Note: If you are not interested to know about the differences between Groovy and Java, skip to part 2.

Groovy is a dynamic language (which means many behaviors are executed at runtime instead of during compilation) based on the Java Virtual machine. This means that Groovy is tightly integrated with the Java language.

The biggest differences between Groove and Java are:

  1. The following packages and classes are imported by default (no need to use an explicit import to use them):
    • java.io.*
    • java.lang.*
    • java.math.BigDecimal
    • java.math.BigInteger
    • java.net.*
    • java.util.*
    • groovy.lang.*
    • groovy.util.*
  2. These are optionals:
    • Semicolons ‘;’ are optional
    • The keyword ‘return’ is optional
  3. The keyword ‘this’ can be used inside static methods.
  4. Since in Groovy there is no difference between checked and unchecked exceptions, the clause ‘Throw’ in a method signature is not checked
  5. There is no compile errors for using:
    • Undefined members
    • Passing Arguments of the wrong type
  6. The == operator and the method is()
    • The operator == will check for equality (checking if both object are equal) instead for identity (checking if both variables point the same object)
    • The method is() allows for checking for identity.
      • Example: foo.is(bar)
      • This doesn’t work on null. For checking null, you can still using == operator
  7. New features added to Groovy not available in Java:
    1. Closures: piece of code which is defined and then executed at a later; also known as “code block” or method pointer.

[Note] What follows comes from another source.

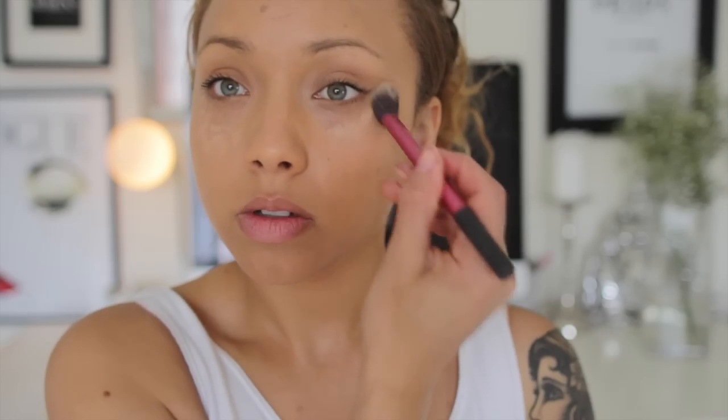For under my eyes I'm going to use Clarins instant concealer in number three. I love this — it's like a foundation concealer, it's so effective and you only need a tiny bit. I'm going to do a few dots here and a few dots on the other eye, using my Real Techniques brush.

    2. Lists and maps  are native syntax which means that Groovy threads them as first class construct.
    3. Groovy provide native support for regular expressions
    4. Dynamic and static typing is supported
    5. Expressions can be embedded inside strings
    6. GPars (Groovy Parallel Systems) framework support for parallel processing. It supports:
      • Actors
      • Map and Reduce
      • Fork and Join
      • Dataflow
    7. GPath (Path Expression Language): Allows parts of nested structured data to be identified.

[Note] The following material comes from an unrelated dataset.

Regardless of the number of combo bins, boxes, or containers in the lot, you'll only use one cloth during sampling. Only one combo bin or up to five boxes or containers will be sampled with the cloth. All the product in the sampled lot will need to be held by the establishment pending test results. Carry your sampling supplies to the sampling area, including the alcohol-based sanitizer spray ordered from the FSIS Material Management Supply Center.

    8. GroovyMarkup: Native support for markup languages such as XML, HTML, W3C DOM, Ant Tasks, SAX, Swing, etc.
    9. Polymorphic interaction: Similar to STL standard iterators with these following differences:
      • Declarations wrapped in traversable template which makes the collection accessible
      • Constant iterator declaration is not scoped by the collection class. Instread the collection is passed in as a constructor argument.
    10. Switch statement:
      • In java, we can only use the int or int-derived type classifier.
      • In Groovy, we can any classifiers for a switch statement.
    11. Static and dynamic typing are supported.
      • If you wish to use a dynamic types variable you can use the keyword ‘def’
    12. Writing beans with simpler syntax for both properties and adding even listeners.
    13. Simplified way to check null which eliminate nasty nested ifs
    14. All variables are reference to objects. Groove doesn’t use primitive variables.
      • Even do you can write a primitive type as a short form, Groove will always translate it into the object.